Taoiseach Enda Kenny presenting the Irish Times InterTradeIreland Innovation Award to Eoin Casey and Wayne Byrne of Oxymem, with Thomas Hunter McGowan (left), CEO InterTradeIreland, and Liam Kavanagh (right), managing director of The Irish Times, earlier this year. Photograph: Brenda Fitzsimons

Thu, Jul 3, 2014, 01:00

Two UCD academics have won a European innovation award for breakthrough technology which they say will revolutionise the wastewater treatment business.

Prof Eoin Casey and Dr Eoin Syron founded OxyMem last year as a spin-out from UCD’s school of chemical and bioprocess engineering. The company has developed membrane technology to address the global need for a more energy-efficient aeration solution for waste-water treatment.

“Waste-water treatment is a process that essentially has not changed in the last 100 years,” OxyMem managing director Wayne Byrne said.

He said all waste-water in Ireland needs to be treated before being discharged into the sea and rivers, adding this is usually done by forced or bubble aeration.

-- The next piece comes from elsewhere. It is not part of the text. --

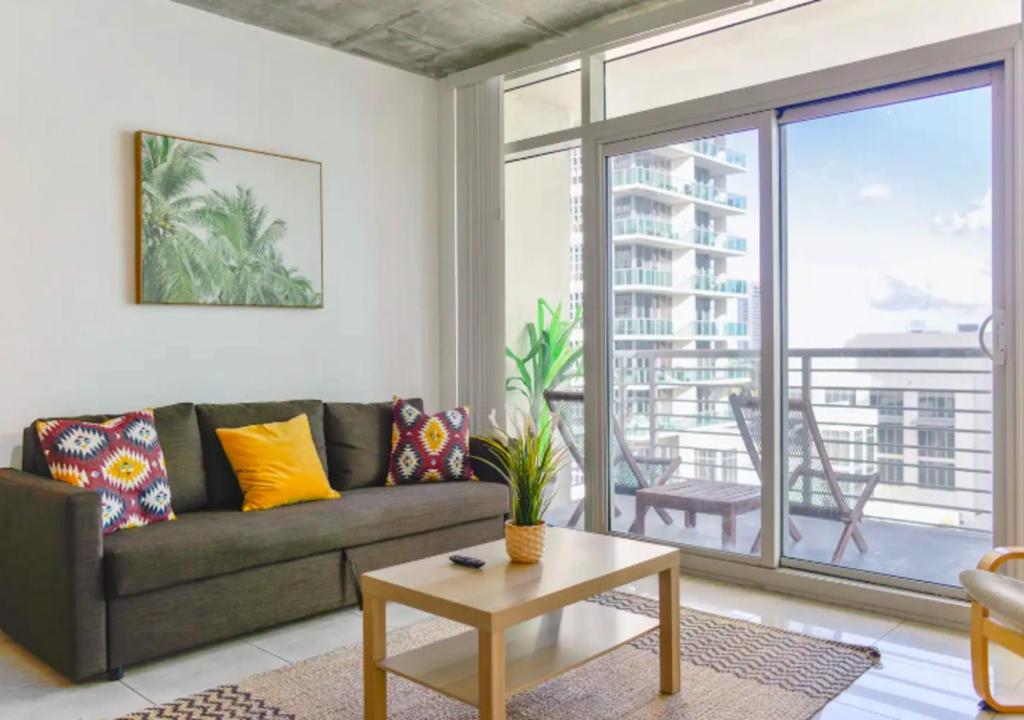 a living room with a couch and a large window at Two Bedroom Apartment with Pool At Midblock Miami in Miami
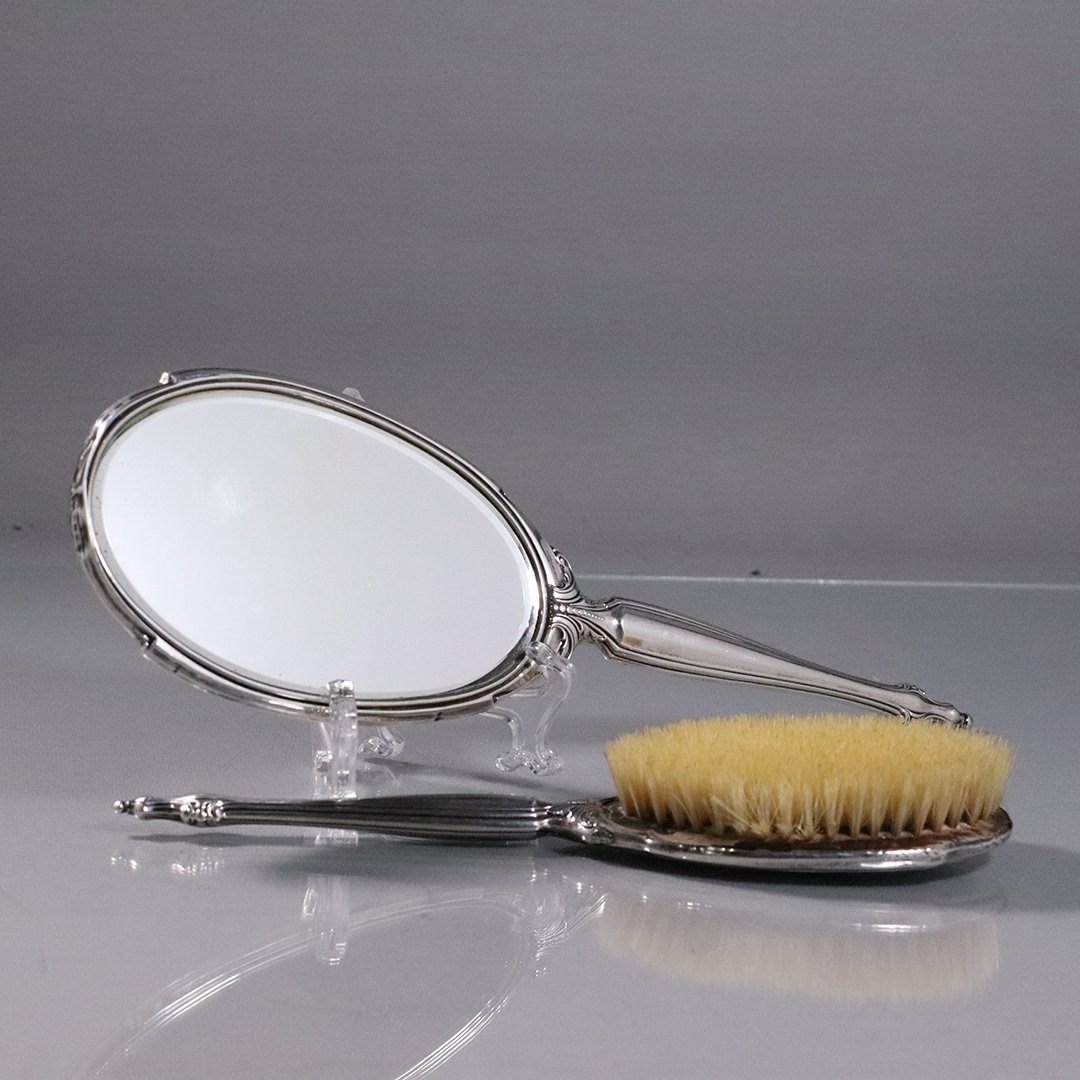 Vintage Sterling Silver Hand Mirror and Hand Brush: Vintage Sterling Silver Hand Mirror and Hand Brush. Marked: Sterling. Size: 13 in. length and 10 in. length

He said 2.5 per cent of all electricity generated in developed countries is consumed by wastewater treatment plants. Some 60 per cent of this is used in adding oxygen to the wastewater and up to 70 per cent of this is being wasted as a result of inefficiencies in existing systems.

“Energy is thus the number one issue for the water treatment industry,” he added.

OxyMem’s solution does not rely on bubbles for oxygen. Instead it uses gas permeable membranes capable of delivering oxygen directly to the bacteria, resulting in a four-fold energy saving.

“Our system is four times more energy efficient than the best system available,” Mr Byrne said.

OxyMem’s system, which is being used at the Severn Trent Water facility in Birmingham, has been shown to deliver operating cost reductions of 75 per cent.

The firm estimates the overall global market for wastewater treatment technology to be €4 billion at present and to grow to €6.4 billion by 2020.

The Water Innovation SME award was presented to the company at the Water Innovation Europe 2014 conference in Brussels.

Earlier this year, the Athlone-based company won The Irish Times InterTradeIreland Innovation of the Year award.